Mulligan was leaning toward redshirting 6-foot 6-inch freshman forward Elgin Rogers from Horace Mann High School in Gary, Ind., but Rogers might have put that notion to rest in one afternoon last week.

“I think we may have changed our minds on that,” Mulligan said after watching Rogers score more than 30 points in a scrimmage.

Anteater Notes

Former Anteater standout Wayne Engelstad has been impressive recently playing for the Denver Nuggets. Apparently, though, Denver Coach Doug Moe wasn’t aware of Engelstad’s exploits at Irvine. “Wayne scored 16 points the other day and in the airport after the game, Moe put his arm around him and said, ‘Where’d you go to school, son?’ ” Coach Bill Mulligan said, rolling his eyes. . . . Dylan Rigdon, the Mater Dei High School guard who orally committed to Irvine Tuesday night, might have ended up at an Eastern college if he hadn’t gone to Pittsburgh for a basketball camp this summer. “When we (Mater Dei’s team) went back there last year, I really liked the old campuses and all the snow,” Rigdon said. “But it was 100 degrees and 98% humidity for that camp in Pittsburgh and we were playing outside.

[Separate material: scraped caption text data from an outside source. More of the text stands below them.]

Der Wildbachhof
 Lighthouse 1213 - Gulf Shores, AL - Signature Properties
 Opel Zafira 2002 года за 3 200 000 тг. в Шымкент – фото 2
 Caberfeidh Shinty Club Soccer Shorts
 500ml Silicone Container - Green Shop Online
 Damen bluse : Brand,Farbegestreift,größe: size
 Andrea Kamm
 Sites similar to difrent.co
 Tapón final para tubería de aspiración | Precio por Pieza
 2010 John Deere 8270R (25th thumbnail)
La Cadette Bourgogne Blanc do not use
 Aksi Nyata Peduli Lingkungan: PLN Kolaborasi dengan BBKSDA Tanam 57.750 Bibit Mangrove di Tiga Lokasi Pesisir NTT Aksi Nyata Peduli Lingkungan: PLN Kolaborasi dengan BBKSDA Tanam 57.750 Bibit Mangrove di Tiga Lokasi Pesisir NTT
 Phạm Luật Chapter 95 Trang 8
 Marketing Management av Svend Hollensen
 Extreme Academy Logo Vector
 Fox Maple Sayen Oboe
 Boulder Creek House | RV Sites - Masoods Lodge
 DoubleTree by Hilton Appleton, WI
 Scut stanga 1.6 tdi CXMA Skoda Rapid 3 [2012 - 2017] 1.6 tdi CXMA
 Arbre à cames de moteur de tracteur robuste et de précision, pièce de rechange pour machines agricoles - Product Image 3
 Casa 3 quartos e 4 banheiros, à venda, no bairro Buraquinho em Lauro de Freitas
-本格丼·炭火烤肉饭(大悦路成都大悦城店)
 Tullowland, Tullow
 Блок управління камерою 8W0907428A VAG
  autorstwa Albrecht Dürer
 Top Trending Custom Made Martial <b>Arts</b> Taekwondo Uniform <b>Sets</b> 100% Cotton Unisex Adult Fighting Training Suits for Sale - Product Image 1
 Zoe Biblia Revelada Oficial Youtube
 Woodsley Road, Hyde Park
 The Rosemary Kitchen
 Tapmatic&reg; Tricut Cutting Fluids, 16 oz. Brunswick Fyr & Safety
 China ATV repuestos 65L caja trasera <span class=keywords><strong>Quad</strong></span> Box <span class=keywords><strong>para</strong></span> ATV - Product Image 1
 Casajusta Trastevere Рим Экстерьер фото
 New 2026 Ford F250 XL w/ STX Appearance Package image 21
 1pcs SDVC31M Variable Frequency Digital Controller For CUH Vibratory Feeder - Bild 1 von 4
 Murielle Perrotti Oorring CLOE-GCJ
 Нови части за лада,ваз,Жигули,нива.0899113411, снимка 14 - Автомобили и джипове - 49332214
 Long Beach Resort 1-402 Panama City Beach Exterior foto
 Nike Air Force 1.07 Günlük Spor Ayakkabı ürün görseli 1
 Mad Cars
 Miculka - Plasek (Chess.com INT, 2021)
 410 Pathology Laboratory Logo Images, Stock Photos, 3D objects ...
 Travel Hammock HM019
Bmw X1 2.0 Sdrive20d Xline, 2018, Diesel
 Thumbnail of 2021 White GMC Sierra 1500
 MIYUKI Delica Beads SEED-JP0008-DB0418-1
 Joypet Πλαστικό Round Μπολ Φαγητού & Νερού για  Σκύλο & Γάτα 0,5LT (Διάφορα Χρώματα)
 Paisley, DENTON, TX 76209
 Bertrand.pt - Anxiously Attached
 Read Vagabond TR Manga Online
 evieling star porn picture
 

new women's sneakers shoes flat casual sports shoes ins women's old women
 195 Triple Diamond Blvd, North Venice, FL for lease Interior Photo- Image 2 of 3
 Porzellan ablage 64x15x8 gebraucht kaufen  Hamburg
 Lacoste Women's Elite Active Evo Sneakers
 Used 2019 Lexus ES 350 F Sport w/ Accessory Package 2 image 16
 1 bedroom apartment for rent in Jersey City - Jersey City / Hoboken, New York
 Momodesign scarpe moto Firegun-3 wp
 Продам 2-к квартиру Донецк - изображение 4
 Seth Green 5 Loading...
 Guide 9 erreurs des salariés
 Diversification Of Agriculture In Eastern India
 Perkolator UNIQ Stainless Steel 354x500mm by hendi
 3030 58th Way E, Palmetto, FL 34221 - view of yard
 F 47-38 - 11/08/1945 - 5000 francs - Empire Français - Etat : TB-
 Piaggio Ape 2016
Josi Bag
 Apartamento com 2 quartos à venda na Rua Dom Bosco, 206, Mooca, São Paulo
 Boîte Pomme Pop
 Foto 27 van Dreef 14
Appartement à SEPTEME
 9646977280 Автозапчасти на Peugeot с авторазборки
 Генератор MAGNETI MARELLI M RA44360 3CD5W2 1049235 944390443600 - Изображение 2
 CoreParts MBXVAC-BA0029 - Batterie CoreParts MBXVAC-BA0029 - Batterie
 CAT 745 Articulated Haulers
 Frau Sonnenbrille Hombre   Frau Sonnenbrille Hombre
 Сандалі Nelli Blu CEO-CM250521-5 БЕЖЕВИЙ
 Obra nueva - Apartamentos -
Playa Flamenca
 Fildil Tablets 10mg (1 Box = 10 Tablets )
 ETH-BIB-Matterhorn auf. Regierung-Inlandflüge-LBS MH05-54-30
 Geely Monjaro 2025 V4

I’ve never been in that environment before. I almost died. I went back there at 165 (pounds) and came back at 152. That’s when I decided to stay close to home.” . . . Rigdon’s teammate at Mater Dei, Mike Morris, visited Irvine last weekend. . . . Single-game basketball tickets go on sale to the public at the Bren Center and all Ticketron locations Monday. The Anteaters play host to UCLA on Dec. 28 and Nevada Las Vegas on Feb. 4.